— Instructions to follow —
The listing below holds a line with "For iPhone 13" and a later line with "Invitations En Acrylique". Write out those two lines and every line between them, exactly, and nothing else.

— Data listing —
== == ==

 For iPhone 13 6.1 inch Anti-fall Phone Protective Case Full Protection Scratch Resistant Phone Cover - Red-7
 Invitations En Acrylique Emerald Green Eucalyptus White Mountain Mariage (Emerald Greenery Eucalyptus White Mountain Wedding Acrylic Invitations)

== == ==

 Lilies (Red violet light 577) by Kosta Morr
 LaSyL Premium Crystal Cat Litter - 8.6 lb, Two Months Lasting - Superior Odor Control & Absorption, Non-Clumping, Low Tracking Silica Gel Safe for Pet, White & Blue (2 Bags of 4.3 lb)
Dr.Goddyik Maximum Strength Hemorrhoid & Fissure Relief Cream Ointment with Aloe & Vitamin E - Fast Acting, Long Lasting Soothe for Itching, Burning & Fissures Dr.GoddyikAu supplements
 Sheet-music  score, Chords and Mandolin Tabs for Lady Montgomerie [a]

== == ==

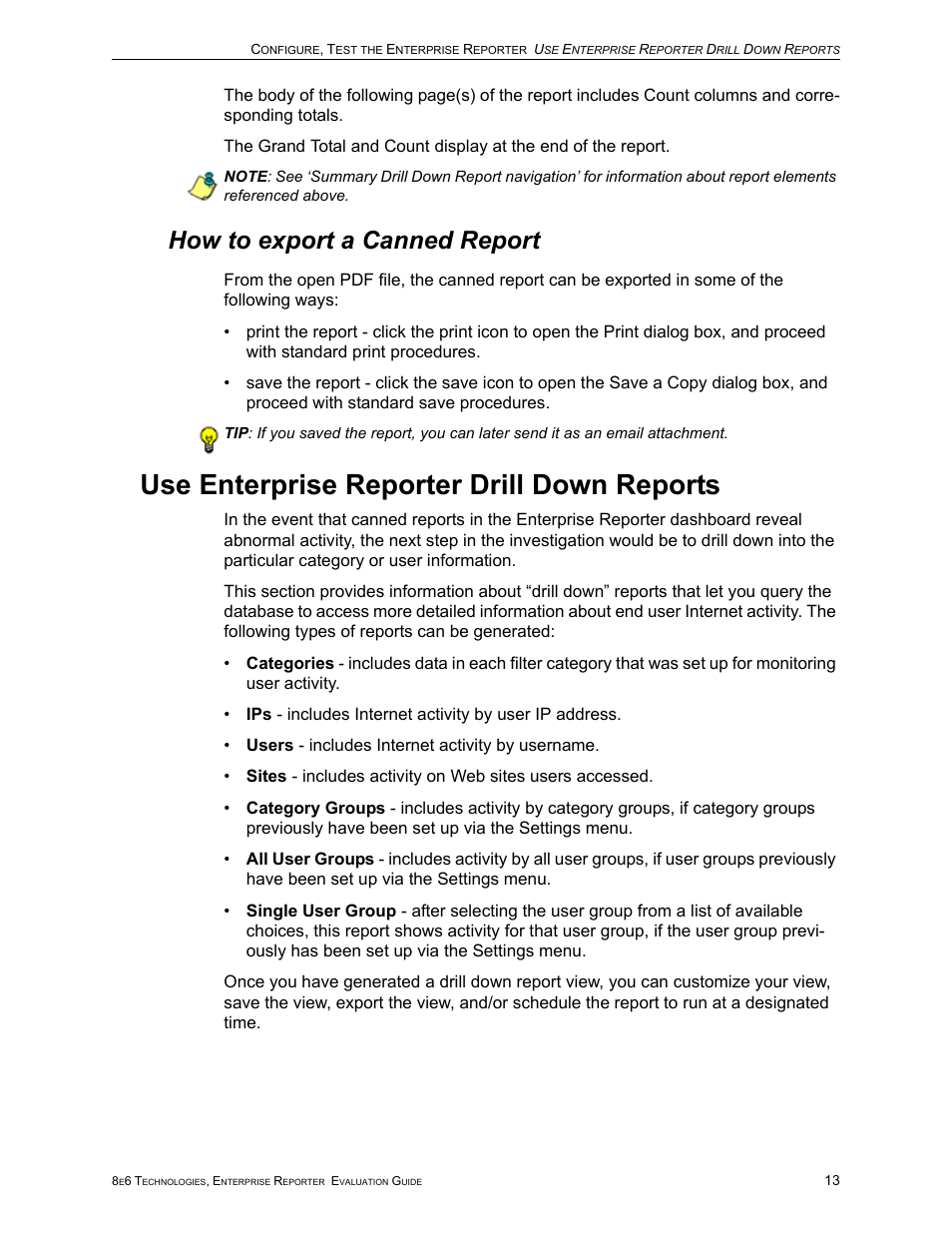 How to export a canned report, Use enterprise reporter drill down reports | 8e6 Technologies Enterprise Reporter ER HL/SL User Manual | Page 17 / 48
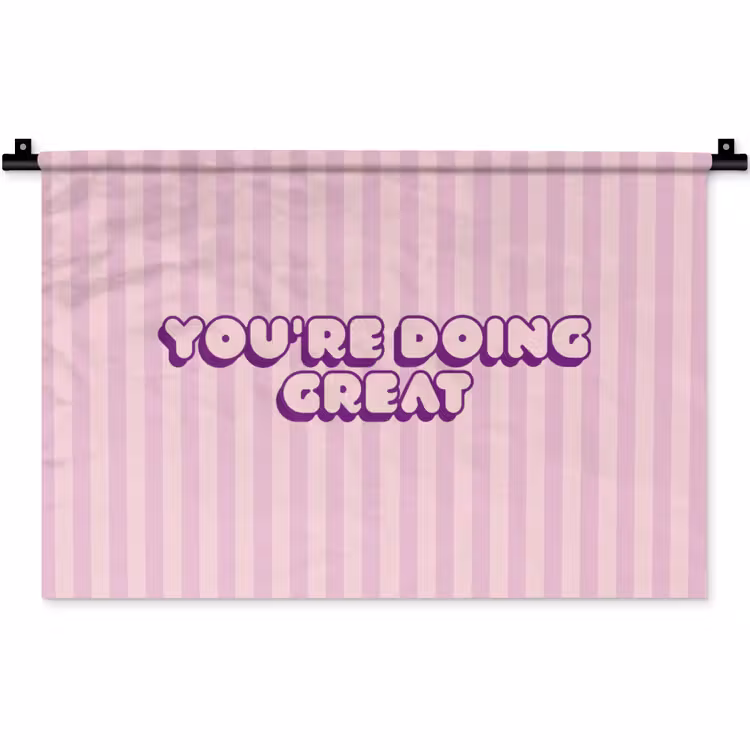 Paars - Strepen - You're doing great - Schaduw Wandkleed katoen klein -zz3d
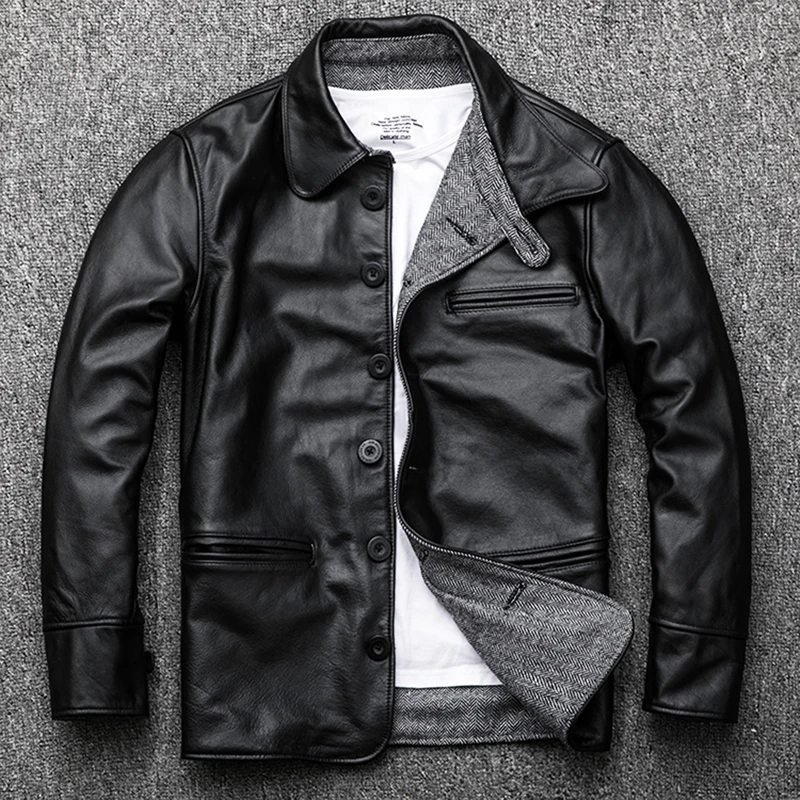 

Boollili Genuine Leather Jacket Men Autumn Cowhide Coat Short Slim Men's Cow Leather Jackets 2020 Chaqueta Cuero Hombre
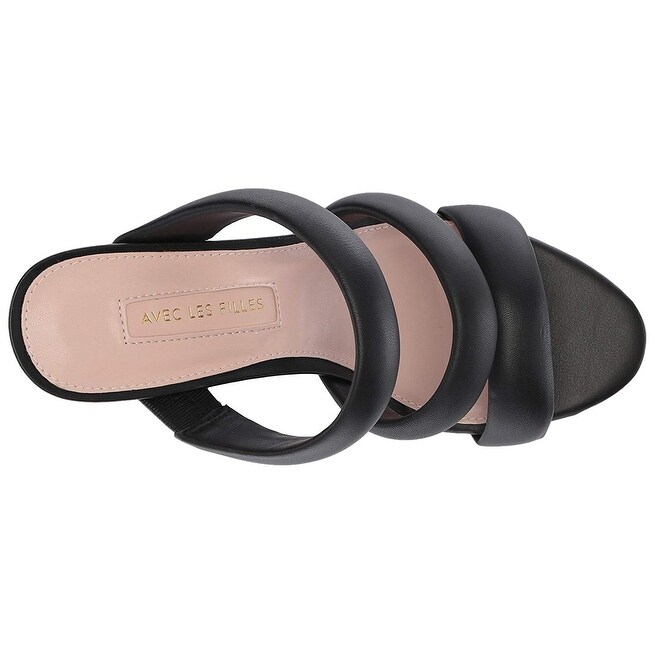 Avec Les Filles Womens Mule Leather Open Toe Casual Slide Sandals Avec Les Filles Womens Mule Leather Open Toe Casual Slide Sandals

== == ==

— Output for this exercise —
 For iPhone 13 6.1 inch Anti-fall Phone Protective Case Full Protection Scratch Resistant Phone Cover - Red-7
 Invitations En Acrylique Emerald Green Eucalyptus White Mountain Mariage (Emerald Greenery Eucalyptus White Mountain Wedding Acrylic Invitations)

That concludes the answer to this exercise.